When he wanted a discount in a fee owed to the School Board for his development, he hired board member Stephanie Kraft's husband, Mitch, to help. Kraft then used her influence as an elected official to help Chait secure a $500,000 break. Kraft is also under investigation, according to sources. (Mitch Kraft was also on the payroll of School Board lobbyist Neil Sterling at the same time Stephanie Kraft pushed through a controversial multibillion-dollar health contract for one of Sterling's clients, Vista Health.)

Chait also gave Broward County Commissioner Stacy Ritter a golf cart while she was running for office. Ritter said it may have been an in-kind contribution, but it doesn't seem to have been reported.
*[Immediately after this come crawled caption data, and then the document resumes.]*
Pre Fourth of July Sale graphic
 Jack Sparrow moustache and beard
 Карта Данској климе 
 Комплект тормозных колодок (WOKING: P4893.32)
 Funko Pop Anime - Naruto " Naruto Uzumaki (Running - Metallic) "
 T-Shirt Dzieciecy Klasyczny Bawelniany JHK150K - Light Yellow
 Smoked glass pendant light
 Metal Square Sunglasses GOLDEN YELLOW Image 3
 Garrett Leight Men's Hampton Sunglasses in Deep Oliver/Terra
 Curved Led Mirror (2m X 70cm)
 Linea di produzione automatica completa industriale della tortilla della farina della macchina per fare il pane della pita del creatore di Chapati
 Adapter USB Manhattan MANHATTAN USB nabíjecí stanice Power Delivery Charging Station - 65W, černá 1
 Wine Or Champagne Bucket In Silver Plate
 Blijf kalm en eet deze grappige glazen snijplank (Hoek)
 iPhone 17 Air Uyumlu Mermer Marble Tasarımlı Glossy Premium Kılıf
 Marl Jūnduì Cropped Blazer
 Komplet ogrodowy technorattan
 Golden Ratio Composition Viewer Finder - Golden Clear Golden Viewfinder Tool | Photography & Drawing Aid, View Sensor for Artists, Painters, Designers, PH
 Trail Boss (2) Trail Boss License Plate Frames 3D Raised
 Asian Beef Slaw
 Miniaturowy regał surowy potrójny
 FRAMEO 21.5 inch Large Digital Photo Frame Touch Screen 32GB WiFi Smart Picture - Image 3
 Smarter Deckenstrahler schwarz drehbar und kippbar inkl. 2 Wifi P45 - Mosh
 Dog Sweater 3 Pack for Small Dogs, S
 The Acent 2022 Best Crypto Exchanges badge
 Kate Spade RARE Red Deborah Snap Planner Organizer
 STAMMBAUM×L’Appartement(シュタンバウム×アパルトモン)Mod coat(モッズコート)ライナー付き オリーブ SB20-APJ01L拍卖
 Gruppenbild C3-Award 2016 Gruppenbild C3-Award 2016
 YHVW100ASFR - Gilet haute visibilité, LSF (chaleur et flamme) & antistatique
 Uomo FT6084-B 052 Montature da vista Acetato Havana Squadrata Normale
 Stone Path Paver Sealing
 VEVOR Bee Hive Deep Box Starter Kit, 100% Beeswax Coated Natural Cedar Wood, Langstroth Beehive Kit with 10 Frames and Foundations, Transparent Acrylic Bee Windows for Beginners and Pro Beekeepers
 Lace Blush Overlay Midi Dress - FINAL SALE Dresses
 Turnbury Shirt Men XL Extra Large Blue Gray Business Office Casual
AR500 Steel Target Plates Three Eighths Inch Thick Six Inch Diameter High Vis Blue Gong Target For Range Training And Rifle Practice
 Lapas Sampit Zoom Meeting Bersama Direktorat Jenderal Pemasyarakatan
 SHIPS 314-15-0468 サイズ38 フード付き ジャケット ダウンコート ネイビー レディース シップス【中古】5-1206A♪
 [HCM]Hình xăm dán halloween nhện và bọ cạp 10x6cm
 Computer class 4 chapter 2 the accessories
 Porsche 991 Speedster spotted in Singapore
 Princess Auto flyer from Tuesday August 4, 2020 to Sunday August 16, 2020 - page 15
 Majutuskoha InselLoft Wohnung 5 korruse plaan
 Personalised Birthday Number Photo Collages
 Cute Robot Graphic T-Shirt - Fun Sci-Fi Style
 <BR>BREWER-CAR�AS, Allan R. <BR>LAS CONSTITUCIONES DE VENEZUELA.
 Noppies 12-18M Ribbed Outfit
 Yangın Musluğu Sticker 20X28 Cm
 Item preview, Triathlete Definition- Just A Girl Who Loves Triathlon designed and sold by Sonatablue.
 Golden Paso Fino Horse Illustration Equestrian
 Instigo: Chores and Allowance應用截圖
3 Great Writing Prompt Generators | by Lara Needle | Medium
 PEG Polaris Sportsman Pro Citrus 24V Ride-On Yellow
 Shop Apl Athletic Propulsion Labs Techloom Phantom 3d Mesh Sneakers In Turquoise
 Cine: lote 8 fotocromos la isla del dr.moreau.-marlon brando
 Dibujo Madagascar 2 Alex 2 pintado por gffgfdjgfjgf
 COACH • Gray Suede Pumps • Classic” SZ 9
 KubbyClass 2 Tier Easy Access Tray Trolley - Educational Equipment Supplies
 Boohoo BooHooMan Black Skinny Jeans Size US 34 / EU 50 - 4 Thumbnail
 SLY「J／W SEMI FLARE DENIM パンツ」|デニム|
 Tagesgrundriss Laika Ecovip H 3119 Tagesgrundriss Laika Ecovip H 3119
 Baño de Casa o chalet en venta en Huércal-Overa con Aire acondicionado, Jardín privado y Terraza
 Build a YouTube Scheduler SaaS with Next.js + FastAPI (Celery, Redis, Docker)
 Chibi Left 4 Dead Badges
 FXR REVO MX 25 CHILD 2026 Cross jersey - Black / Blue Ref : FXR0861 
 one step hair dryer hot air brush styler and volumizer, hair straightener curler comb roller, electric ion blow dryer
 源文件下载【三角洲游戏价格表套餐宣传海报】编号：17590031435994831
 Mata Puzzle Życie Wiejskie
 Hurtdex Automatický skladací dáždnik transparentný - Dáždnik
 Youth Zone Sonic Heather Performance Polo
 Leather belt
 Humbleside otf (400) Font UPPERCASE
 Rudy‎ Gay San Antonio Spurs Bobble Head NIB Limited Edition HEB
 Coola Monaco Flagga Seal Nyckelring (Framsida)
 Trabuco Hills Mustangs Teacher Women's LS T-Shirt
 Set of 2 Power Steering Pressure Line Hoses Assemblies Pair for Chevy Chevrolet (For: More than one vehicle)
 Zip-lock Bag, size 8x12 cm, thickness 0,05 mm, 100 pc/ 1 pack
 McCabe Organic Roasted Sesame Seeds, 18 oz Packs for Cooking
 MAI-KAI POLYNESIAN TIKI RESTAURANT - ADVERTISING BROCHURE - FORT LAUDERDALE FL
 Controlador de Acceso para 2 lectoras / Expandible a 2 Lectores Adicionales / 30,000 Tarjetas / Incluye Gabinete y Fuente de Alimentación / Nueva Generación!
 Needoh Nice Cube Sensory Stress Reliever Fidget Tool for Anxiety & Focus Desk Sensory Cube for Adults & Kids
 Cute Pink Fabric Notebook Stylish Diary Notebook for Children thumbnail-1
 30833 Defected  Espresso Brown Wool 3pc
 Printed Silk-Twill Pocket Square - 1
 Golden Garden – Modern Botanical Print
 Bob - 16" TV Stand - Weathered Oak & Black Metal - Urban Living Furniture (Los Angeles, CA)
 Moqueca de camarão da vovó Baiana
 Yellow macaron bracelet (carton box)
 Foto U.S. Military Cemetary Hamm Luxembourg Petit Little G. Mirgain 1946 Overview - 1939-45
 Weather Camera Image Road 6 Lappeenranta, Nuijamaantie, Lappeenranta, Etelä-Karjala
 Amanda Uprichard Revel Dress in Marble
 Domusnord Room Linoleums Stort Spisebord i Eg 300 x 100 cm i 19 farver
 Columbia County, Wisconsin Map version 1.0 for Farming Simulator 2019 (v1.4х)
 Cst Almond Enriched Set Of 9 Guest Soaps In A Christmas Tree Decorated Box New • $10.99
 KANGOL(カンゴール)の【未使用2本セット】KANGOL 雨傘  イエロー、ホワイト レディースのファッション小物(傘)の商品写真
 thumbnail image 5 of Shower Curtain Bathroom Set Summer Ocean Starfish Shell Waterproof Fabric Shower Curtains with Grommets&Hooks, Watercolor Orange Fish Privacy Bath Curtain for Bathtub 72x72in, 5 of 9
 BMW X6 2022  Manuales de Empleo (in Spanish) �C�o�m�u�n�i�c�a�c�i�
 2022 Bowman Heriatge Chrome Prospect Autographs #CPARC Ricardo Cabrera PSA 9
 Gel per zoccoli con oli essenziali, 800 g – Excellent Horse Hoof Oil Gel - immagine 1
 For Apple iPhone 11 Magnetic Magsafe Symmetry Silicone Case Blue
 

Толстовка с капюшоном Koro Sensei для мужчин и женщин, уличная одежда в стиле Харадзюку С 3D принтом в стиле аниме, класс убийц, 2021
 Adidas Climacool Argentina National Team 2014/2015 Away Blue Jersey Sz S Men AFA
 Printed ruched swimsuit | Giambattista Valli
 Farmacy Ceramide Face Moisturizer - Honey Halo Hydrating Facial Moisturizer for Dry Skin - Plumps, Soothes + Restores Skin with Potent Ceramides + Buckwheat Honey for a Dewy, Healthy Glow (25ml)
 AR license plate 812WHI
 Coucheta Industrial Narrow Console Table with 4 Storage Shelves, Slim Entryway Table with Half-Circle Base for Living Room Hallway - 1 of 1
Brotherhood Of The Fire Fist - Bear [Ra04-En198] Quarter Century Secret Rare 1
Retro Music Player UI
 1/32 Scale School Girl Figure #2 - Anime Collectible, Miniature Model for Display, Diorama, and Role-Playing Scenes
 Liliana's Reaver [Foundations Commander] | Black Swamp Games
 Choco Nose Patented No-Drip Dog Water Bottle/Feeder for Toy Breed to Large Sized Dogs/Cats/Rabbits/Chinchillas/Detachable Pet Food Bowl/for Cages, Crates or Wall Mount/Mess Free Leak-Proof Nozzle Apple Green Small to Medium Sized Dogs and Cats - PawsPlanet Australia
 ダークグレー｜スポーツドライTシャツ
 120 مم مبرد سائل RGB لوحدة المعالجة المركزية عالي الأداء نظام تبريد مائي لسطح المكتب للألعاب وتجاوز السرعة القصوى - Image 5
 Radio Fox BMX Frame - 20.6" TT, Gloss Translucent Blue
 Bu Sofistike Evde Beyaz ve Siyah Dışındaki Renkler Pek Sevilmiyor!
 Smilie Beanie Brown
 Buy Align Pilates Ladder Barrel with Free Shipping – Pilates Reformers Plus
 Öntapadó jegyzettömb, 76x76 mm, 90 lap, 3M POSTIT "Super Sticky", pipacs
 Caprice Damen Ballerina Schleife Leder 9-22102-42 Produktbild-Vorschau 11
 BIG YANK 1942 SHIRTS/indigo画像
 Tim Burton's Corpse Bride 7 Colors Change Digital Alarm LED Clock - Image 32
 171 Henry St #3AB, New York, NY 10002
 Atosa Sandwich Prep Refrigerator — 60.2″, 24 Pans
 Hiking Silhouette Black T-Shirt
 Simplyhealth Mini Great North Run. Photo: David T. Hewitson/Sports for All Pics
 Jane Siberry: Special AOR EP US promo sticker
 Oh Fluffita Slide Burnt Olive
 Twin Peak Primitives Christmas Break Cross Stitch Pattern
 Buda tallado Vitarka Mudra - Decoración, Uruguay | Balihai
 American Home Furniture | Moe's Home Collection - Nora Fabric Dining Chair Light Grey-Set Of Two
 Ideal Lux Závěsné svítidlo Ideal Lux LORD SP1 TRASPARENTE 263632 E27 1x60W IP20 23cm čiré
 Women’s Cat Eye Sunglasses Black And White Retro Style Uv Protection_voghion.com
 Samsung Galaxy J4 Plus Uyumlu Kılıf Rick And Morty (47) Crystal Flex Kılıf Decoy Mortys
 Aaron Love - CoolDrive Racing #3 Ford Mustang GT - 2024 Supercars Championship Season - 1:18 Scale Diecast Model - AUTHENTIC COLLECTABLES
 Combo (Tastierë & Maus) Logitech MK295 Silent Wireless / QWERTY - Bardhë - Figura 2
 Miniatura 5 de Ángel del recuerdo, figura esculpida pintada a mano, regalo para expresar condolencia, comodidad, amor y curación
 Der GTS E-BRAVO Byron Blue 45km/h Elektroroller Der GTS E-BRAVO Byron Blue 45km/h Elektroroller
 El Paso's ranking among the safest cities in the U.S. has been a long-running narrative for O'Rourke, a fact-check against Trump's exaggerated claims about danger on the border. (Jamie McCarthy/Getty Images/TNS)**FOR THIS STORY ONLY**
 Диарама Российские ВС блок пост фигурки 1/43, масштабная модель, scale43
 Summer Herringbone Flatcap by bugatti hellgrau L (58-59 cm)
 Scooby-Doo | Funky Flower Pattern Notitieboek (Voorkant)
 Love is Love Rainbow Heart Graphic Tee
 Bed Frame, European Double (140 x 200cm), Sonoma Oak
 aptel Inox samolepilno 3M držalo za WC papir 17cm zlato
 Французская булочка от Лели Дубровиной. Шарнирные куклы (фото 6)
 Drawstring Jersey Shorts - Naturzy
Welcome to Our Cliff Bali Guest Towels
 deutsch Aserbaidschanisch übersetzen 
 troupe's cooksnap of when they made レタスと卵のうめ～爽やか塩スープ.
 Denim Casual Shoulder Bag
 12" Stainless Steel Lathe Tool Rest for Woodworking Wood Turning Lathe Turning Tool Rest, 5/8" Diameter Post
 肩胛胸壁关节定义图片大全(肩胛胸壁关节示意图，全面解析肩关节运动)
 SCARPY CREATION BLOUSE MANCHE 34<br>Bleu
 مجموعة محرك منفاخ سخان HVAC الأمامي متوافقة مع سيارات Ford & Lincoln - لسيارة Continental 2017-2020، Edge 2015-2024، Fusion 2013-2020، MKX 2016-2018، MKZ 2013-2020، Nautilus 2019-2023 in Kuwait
Ritter voted to approve Chait's project in 2008.  

Chait also hired Broward County Commissioner Ilene Lieberman's husband, Stuart Michelson, to do legal work for him last year. Michelson, who serves as Sunrise city attorney, told me that he did only minimal work and that it had nothing to do with his wife's vote in favor of the project in 2008.

And former Tamarac Mayor Joe Schreiber told me that Chait offered him $200,000 in cash if he would remove his wife, Mae, from the mayor's race in 2006. Schreiber didn't take the money.

It basically looks like Chait went totally rogue and was paying off everybody he could to get his project through the approval process. Although the Scott Rothstein saga hit Broward County hard on a number of levels, the Chait investigation will likely trump that in terms of local political fallout. 

So who else did Chait throw money at? It's the central question of the corruption investigation and a source of great drama in the suddenly oh-so-exciting town of Tamarac.